Last but not least, which is very critical – our relationships with partners, whether it’s travel agents, ticketing agents, tour agents, or travel associations – whether it’s UMTA, MTM, Ministry of Hotels & Tourism, Ministry of Transport & Communication, we want to work with everyone so that we can push Myanmar as a destination, especially that we have weathered through the COVID-19 period. We are also working with strategic partners in banking & finance or healthcare in a holistic manner so that we can give passengers something worth more than just an air ticket and create an ecosystem they will be delighted to be in.

What improvements you’d like to see in Myanmar aviation. What can the government do?

I think the government can help in three ways. Firstly, destination marketing. I think Myanmar is in a challenging position to position itself against other markets in this region. So if you’re going against Vietnam, Thailand, Cambodia, and Indonesia, Myanmar lags because of whatever perception others may have. So we need to have a holistic point of view on how we can reach out to the relevant markets. So ASEAN, China, India and the Northeast Asian markets like Japan and Korea should be our target markets. We should appeal to them because they are friendlier towards Myanmar and don’t mind visiting here as they see us as brothers. Hence, we should all unite and make a collective marketing effort driven at a ministerial level with private entities and tourism bodies to reach out to the big players in those markets.

Secondly is the policies related to aviation. We should view aviation as a catalyst for the entire value chain. According to IATA, every dollar generated in the air transport industry equals USD 3.25 along the supply chain, while every job created in the air transport industry is equivalent to 6.1 jobs created in the value chain. So we should not put a chokehold on that aviation part. Comparatively, against other markets, we are facing high airport tax, inbound visa restrictions, insurance requirements, etc., which means that the total cost of travel to Myanmar puts them off, meaning that we are not getting everything else along the value chain.

We should reverse it and make things more relaxed at the start. And eventually, when the volume has been driven up, we can look at putting a bit more premium along the supply chain.

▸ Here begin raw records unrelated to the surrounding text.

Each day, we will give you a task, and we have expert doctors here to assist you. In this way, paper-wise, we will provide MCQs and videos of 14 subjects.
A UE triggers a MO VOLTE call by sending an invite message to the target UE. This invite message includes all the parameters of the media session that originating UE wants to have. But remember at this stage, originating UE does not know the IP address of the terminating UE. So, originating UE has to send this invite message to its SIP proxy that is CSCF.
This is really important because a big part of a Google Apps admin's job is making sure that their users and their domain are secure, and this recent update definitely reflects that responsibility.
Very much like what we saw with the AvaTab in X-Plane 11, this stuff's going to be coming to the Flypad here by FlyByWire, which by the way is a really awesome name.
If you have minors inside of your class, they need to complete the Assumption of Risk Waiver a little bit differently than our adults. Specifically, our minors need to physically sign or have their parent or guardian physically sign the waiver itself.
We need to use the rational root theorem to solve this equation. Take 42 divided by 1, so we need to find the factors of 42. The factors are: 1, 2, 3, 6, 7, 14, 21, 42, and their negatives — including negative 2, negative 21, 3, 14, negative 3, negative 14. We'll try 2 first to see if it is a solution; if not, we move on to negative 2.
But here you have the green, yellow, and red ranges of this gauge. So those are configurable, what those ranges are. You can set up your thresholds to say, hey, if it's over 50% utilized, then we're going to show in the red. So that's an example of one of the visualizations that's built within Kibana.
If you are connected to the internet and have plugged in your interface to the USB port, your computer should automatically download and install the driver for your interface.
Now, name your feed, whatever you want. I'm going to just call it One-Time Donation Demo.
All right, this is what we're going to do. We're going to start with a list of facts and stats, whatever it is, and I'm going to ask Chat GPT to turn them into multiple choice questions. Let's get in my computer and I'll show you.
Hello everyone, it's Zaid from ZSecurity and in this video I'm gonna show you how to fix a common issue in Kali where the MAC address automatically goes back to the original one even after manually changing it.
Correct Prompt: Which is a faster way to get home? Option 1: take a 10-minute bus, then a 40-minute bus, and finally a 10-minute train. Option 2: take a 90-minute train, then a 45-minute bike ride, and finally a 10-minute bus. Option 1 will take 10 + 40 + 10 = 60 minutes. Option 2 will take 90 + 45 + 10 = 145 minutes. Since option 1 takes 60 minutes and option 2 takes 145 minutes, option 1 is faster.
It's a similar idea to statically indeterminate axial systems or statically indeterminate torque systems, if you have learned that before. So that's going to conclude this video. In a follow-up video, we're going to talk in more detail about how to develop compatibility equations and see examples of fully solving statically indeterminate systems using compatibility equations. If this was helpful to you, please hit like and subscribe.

Effectively, we should make it more conducive for Myanmar to stand out among other countries despite its politics and reputation.

And lastly, as a Myanmar-based carrier, we should reduce our challenges by improving the ease of doing business, whether it’s with finance & banking, rate of exchange, visa regime for inbound travelers, or passport issuance for outbound travel. But the third point is a bit more complex because this is not just aviation related. So many areas are connected, but we have to look into the importance of travel & tourism to the country and how it can change the mindset of the people and find ways to make the restrictions a bit more relaxed.

So with improvement in these three areas, we would be in a better position to compete with the larger giants from our neighboring countries. As a Myanmar-based carrier flying the Myanmar flag, we just want to make Myanmar proud.